#1484 Q: Hard Work or Luck?

A: YES!

In our last couple +1s, we’ve spent some time with Jim Mattis learning how he learned how to lead.

We started with the fact that a leader’s JOB is to solve problems. Then we learned that one of the best ways to learn HOW to solve our problems is to READ. A LOT.

Q: Are you functionally illiterate?

If you haven’t read hundreds of books, Mattis says you are. 🤓 🤗

Today I want to talk about luck and hard work.

Mattis tells us: “So here I was—offered an opportunity. Biographies of executives usually stress achievement through hard work, brilliance, or dogged persistence. By contrast, many who achieve less point to hard luck and bad breaks. I believe both views are equally true.”

He continues by saying: “Following the attacks of 9/11, when Al Qaeda and the Taliban in Afghanistan became the target, I was the next up to deploy. As Churchill noted, ‘To each there comes in their lifetime a special moment when they are figuratively tapped on the shoulder and offered a chance to do a very special thing, unique to them and fitted to their talents. What a tragedy if that moment finds them unprepared or unqualified for that which could have been their finest hour.’”

And, he says: “Thanks to Vietnam veterans, at this ‘special moment’ I was prepared and qualified ‘to do a very special thing.’ While six months earlier, it would have been someone else leading our Marines into Afghanistan, mastering your chosen vocation means you are ready when opportunity knocks.”

So…

Is it luck or hard work?

Mattis says: “YES!”

As I read that passage, I thought of a slightly different take on that Churchill quote I have memorized and recited to myself well over 1,000 times. I also thought of some Teddy Roosevelt wisdom from Doris Kearns Goodwin’s Leadership in Turbulent Times. And, I thought of Jim Collins’s scientific studies on luck.

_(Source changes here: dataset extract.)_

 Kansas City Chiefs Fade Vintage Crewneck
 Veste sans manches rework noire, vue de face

First, the Roosevelt quote.

Doris Kearns Goodwin tells us: “Any man who has been successful, [Theodore] Roosevelt repeatedly said, has leapt at opportunities chance provides.”

Now, the Churchill quote.

Churchill tells us: “There comes a certain moment in everyone’s life, a moment for which that person was born. That special opportunity, when he seizes it, will fulfill his mission—a mission for which he is uniquely qualified. In that moment, he finds greatness. It is his finest hour.”

Mattis’s version is roughly 10x more powerful.

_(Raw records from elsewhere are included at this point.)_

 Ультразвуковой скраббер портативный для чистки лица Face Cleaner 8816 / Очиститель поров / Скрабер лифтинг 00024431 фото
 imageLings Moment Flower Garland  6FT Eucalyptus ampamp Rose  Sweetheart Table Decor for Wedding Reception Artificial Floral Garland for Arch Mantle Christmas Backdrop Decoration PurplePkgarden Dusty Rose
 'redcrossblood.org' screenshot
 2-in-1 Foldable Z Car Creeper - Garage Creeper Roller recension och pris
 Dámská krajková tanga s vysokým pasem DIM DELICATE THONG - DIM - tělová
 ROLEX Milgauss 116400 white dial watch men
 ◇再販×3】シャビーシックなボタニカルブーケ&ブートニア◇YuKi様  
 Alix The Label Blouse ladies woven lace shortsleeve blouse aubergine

We must be prepared to seize that opportunity.

Are you?

In Beyond Entrepreneurship 2.0, Jim Collins tells us that all companies experience good and bad luck.

But...

The GREAT leaders know how to get “a return on luck.”

Do you?

Collins also tells us: “You can look at life as a search for that one big winning hand, or you can look at life as a series of hands well played. If you believe life comes down to a single hand, of course, you can easily lose. But if you see life as a series of hands, and if you play each hand the best you can, there’s a huge compounding effect. Bad luck can kill you, but good luck cannot make you great. As long as you don’t get a catastrophic stroke of bad luck that flat-out ends the game, what really matters is how well you play each hand over the long haul. How will you play this hand and the next—and every hand you’re dealt?”

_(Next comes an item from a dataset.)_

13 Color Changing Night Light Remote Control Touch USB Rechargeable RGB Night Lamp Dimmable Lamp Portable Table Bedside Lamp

And, he says: “Imagine if after having been booted out of Apple in 1985, Jobs had said ‘Well, I got a really bad break, a bad hand. Game over.’ What if he’d lost his work ethic and his passion? What if he’d turned hurt into bitterness, instead of creating and moving forward? I used to think of Jobs as the Beethoven of business—a particular creative genius with a compositional body of work (the Macintosh as his third symphony, the iPod as his seventh, and the iPhone/iPad as his ninth). But my view has changed. I’ve come to see him more as the Winston Churchill of business—a hyper-resilient soul who exemplified the simple mantra, ‘Never give in, never, never, never.’”

That’s Today’s +1.

Let’s do the hard work so we’re prepared to take advantage of the opportunities to do what we’re here to do.